Battery door is at the bottom of the camera, and the CompactFlash I memory card goes through a door in the grip. The rubber terminal cover housing the USB, AV and DC connectors now wraps around the bottom left of the camera. [I have stopped worrying about the rubber terminal covers breaking off any digital cameras: I have yet to hear of a case.]

The PowerShot A80 feels well balanced with the 4 AA batteries providing the weight. Included in the box are 4 AA Alkaline batteries, which you throw away once they run out of juice.
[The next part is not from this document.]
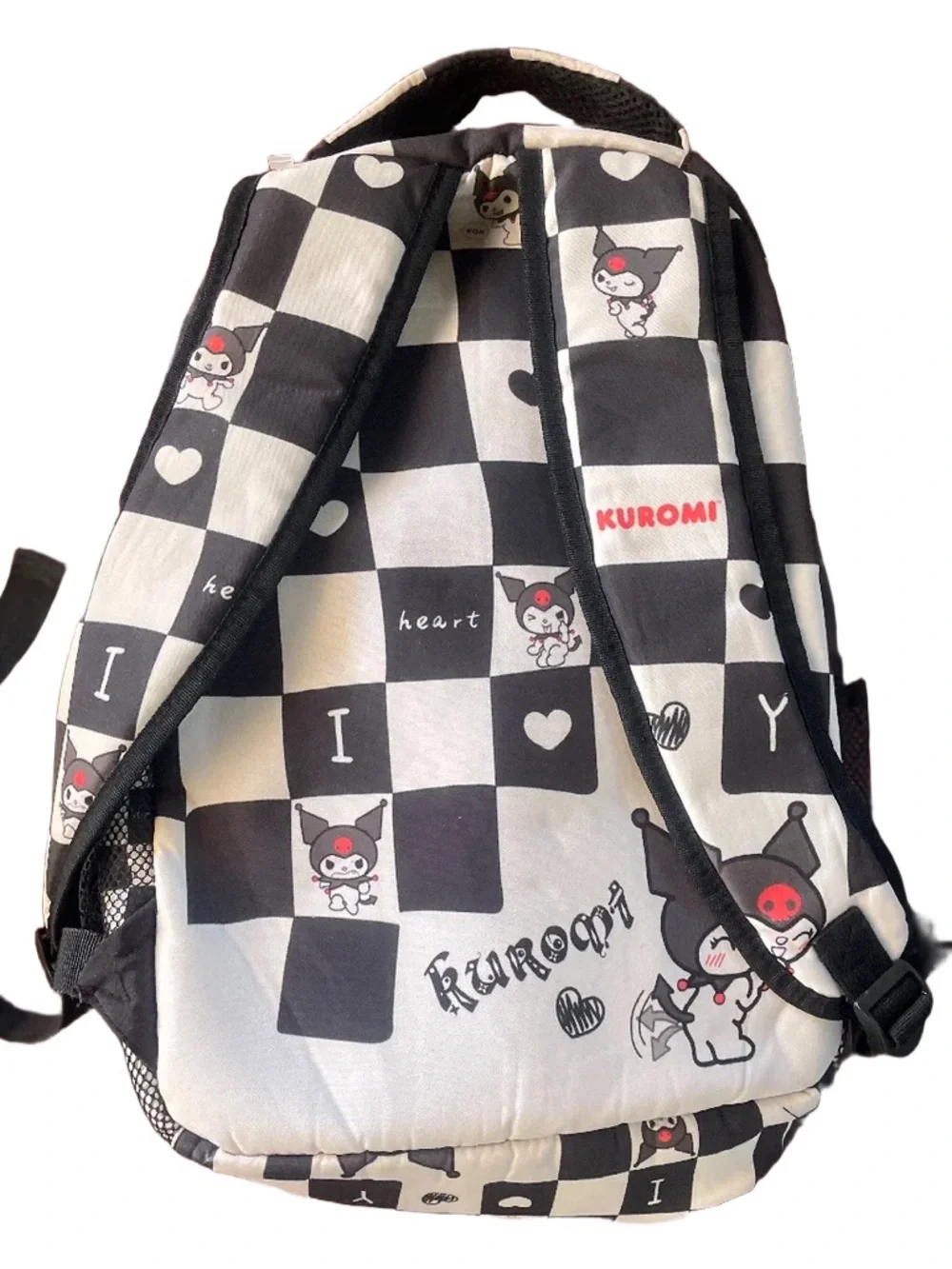 Kuromi Checkered Backpack in Black & White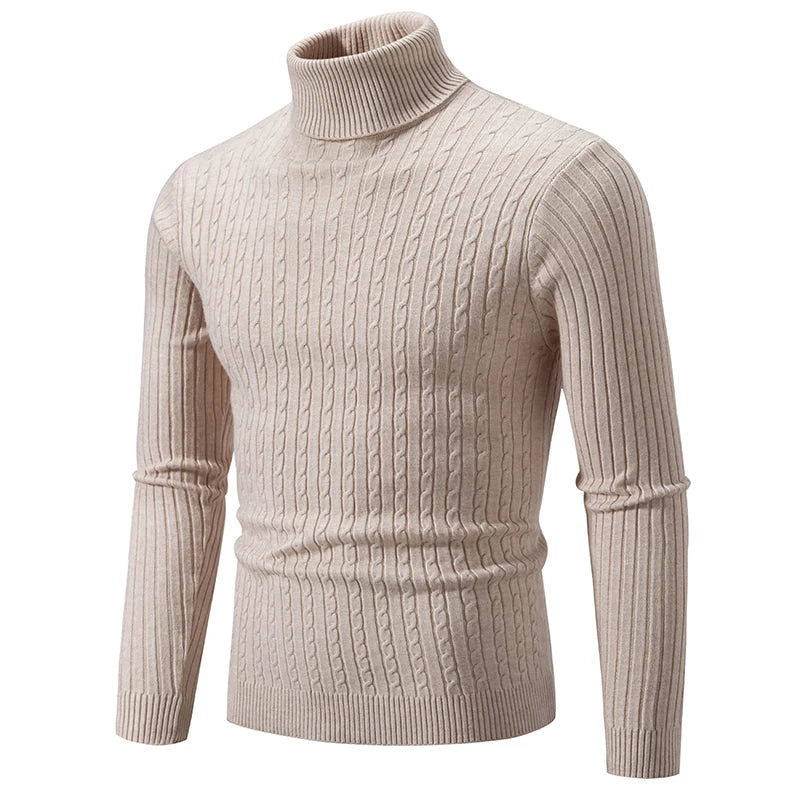 Luxury Men’s Turtleneck Pullover – Warm Winter Casual Knit Top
This means that if you wish to use rechargeable NiMH batteries, you will have to purchase the optional battery recharger. I recommend you factor the extra cost of 2 sets of rechargeable NiMH batteries (4 inside the camera, and 4 recharging), a battery recharger, and an A/C adapter when you purchase your A80. The A/C adapter is convenient when you're transfering your images to your PC; you don't want to run out of battery power in the middle of a transfer.

The A80's 1.5 in. LCD is 67,000 pixels resolution, which is slightly less than the A70's 78,000 pixels -- but it does not show. The one major advantage is that the LCD now swivels, a very convenient feature usually available only on more expensive cameras. And, the reflective strip around the LCD on the A70 is gone in the A80, hurrah!

Baby Pumpkins: 1/250 sec., F3.2 and ISO 50
Baby Pumpkins
11.4mm, Program AE, Evaluative, 1/250 sec., F3.2 and ISO 50

The Mode Switch (with Shooting and Playback modes) which was circular in the A70 has morphed to a sliding switch in the A80. I like that the mode switch is separate from the Shooting Mode Dial (too many digital cameras have these two modes on the same control dial) because I review my picture after each shot and do not have to keep rotating the Shooting Mode Switch back to Program AE (my default shooting mode).

The PowerShot A80, though not ultra compact in size, still fits in a large pants pocket. I would not recommend you carry it in a tight jeans pocket, for you may end up inadvertently turning the Shooting Mode Dial. If you close the LCD before putting it away, there is never the danger of scratching it. Carrying the PowerShot A80 in a coat pocket or in a case hung on the belt is the recommended way to go. A soft pouch is recommended.

Overall, the PowerShot A80 is superbly designed, looking and feeling like an expensive camera. The handling is improved over the A70. The control dials and menu system are intuitive to use.